Con el manillar y el síllín de una bicicleta reducida a chatarra, Picasso restableció en el arte moderno la idolatría de la cabeza del toro, que se le fue volviendo obsesiva según pasaron los años, y él mismo se vio confinado en la monstruosidad de una vejez nonegaria y plutócrata. En Madrid, estos días, en dos exposiciones, los animales parece que vuelven como de la indignidad, de la decoración o el exilio, y que recobran una frágil primacía en el arte: el mono, el burro, el cerdo, la cabra, en las esculturas de bronce y en los cuadros últimos de Miquel Barceló, que dan una oquedad de cueva prehistórica a las paredes de la galería Soledad Lorenzo; el toro, el perro, la cabra y el ciervo en los cuadros de Juan Vida, en la galería Almirante, donde la mirada atraviesa paisajes suburbanos y horizontes de lejanías y de ruinas industriales con un hipnotismo de travelling cinematográfico.

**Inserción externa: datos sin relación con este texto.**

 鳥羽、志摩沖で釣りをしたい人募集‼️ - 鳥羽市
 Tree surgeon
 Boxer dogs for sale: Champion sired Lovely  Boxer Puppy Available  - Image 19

Los animales de Miquel Barceló son bestias díscolas que irrumpen en el estudio, se suben a las mesas y a las estanterías y provocan derrumbes polvorientos de libros, muerden con avidez y se llevan entre los dientes lo primero que encuentran, lo mismo un calendario que un puñado de hojas con bocetos. El cerdo, la cabra, el mono son la alegría voraz y el contratiempo de lo inesperado, el tumulto de la casualidad que lo trastoca y lo desbarata sin escrúpulos todo y que, sin embargo, acaba agregándose a la obra de arte, igual que la luz o que la textura del lienzo, o que un paquete vacío de tabaco que se convierte en una mancha azul: en los cuadros, Miquel Barceló se retrata a sí mismo doblegado en el estudio sobre una hoja de papel, queriendo dibujar a toda velocidad lo que está sucediendo, y de nuevo es aquí pertinente el ejemplo de Las meninas, que trata justo de eso, de la irrupción de lo imprevisto en las maquinaciones intelectuales de la pintura, del modo en que la causalidad interfiere y mejora la invención.

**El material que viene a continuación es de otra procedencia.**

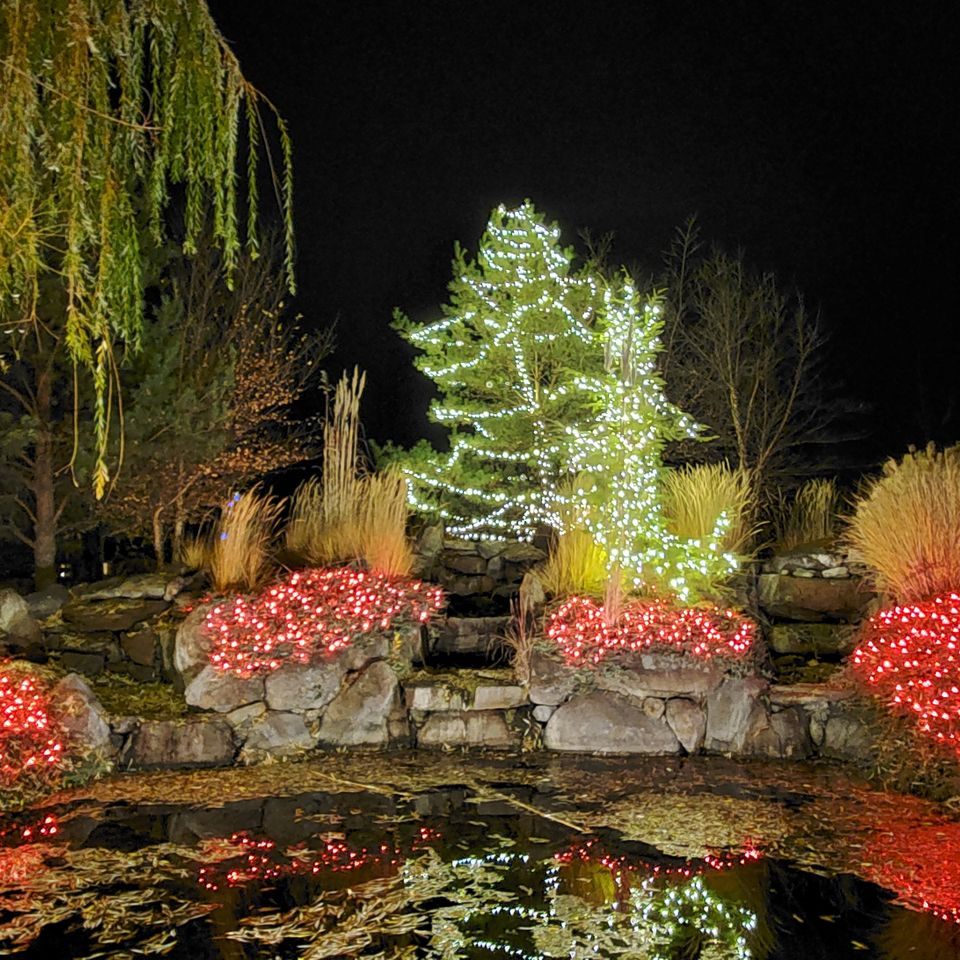 Christmas lights reflecting in a pond in Boise Idaho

Los animales de Miquel Barceló tienen una cercanía invasora; los de Juan Vida están mirando y pintados desde lejos, con una premiosidad de láminas en un libro escolar de ciencias naturales, con una distancia que es la que los separa de nosotros, la del reino inviolado en el que viven y desde el que nos miran sin que podamos saber nunca cómo es lo que ven. En los cuadros de Juan Vida, extraviados en paisajes donde la naturaleza y la presencia humana han sido borradas por igual, según el moderno principio de desolación de los extrarradios, los animales pacen ensimismadamente o miran y permanecen quietos como estatuas de animales sagrados.

Hay siempre en torno a ellos en los horizontes en los que se pierden, una claridad ocre y rojiza, como ese fulgor opaco que adquieren las tierras deshabitadas baldías cuando se ha ocultado el sol y todavía es de noche. Hay veces en que delante de un cuadro se tiene la misma sensación de familiaridad imposible que al entrar en una casa que nos recuerda la infancia: mirando los cuadros de Juan Vida, yo me di cuenta de que en ellos estaba pintado aquel anochecer de verano en que las arboledas y los roquedales de hormigón de la Casa de Campo se me empezaron a convertir imaginariamente en las extensiones tenebrosas del reino animal.